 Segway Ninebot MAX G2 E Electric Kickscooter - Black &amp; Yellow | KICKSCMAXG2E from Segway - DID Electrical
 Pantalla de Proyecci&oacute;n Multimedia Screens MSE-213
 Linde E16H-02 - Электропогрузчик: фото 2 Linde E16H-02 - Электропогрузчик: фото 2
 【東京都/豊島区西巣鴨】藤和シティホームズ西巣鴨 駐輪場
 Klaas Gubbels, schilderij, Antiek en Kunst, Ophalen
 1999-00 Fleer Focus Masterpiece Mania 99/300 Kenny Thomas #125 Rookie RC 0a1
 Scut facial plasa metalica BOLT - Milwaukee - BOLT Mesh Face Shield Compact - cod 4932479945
◆ ◆ ◆ ◆
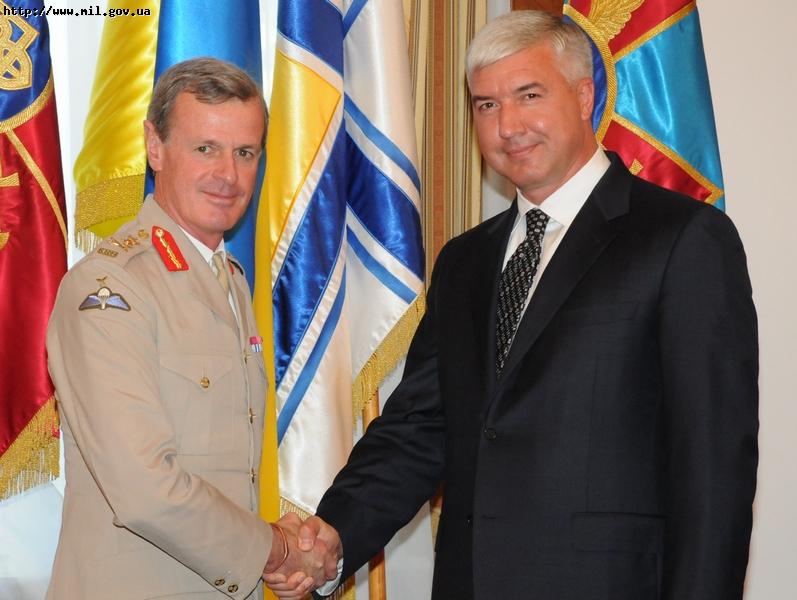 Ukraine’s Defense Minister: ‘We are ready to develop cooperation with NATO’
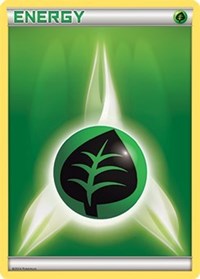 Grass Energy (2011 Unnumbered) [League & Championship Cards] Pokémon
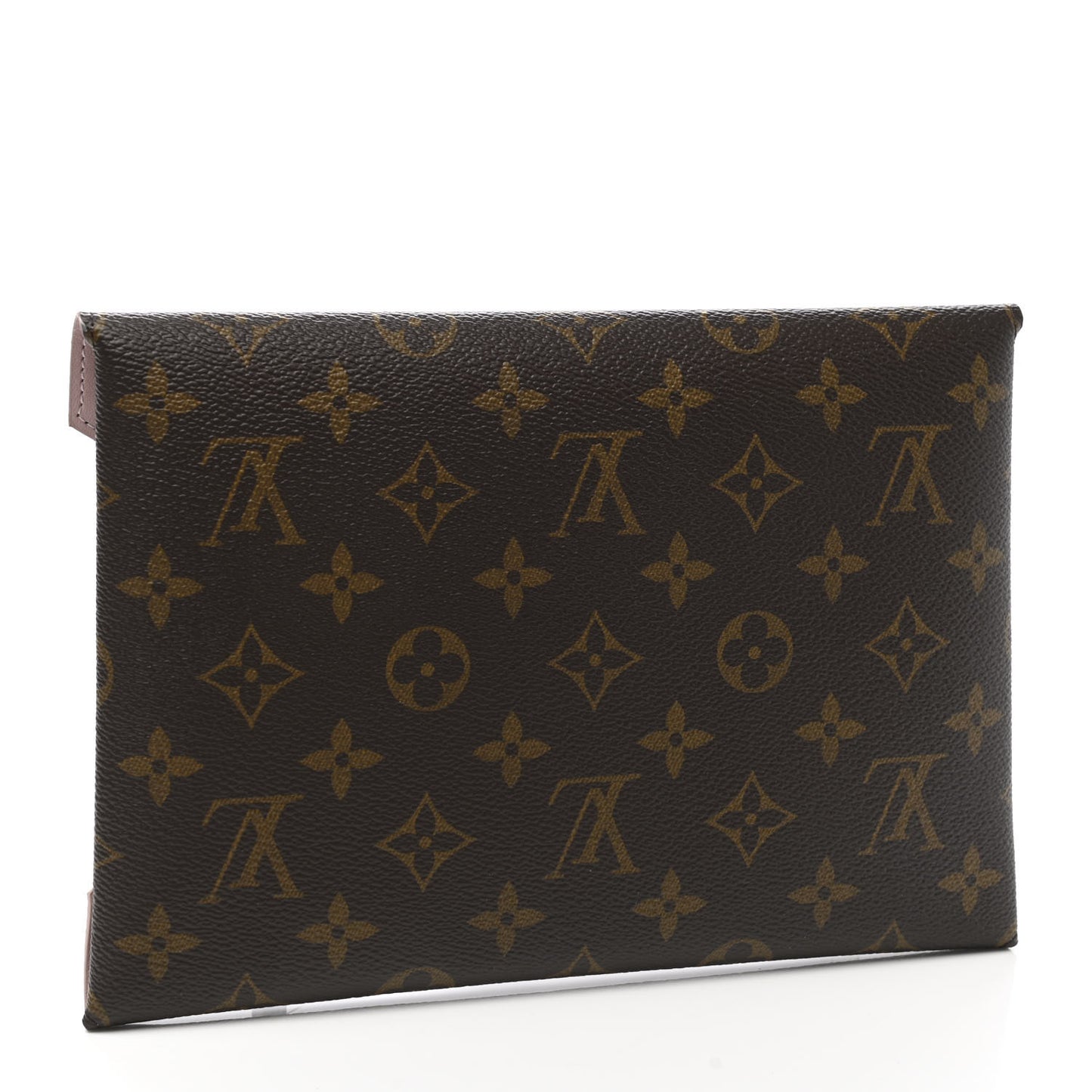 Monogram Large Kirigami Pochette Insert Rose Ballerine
◆ ◆ ◆ ◆
TASK TO CARRY OUT:
In the listing above, find the line with "Segway Ninebot MAX" and the line with "Scut facial plasa", then print exactly those lines and every line between them.

WRITTEN RESPONSE:
 Segway Ninebot MAX G2 E Electric Kickscooter - Black &amp; Yellow | KICKSCMAXG2E from Segway - DID Electrical
 Pantalla de Proyecci&oacute;n Multimedia Screens MSE-213
 Linde E16H-02 - Электропогрузчик: фото 2 Linde E16H-02 - Электропогрузчик: фото 2
 【東京都/豊島区西巣鴨】藤和シティホームズ西巣鴨 駐輪場
 Klaas Gubbels, schilderij, Antiek en Kunst, Ophalen
 1999-00 Fleer Focus Masterpiece Mania 99/300 Kenny Thomas #125 Rookie RC 0a1
 Scut facial plasa metalica BOLT - Milwaukee - BOLT Mesh Face Shield Compact - cod 4932479945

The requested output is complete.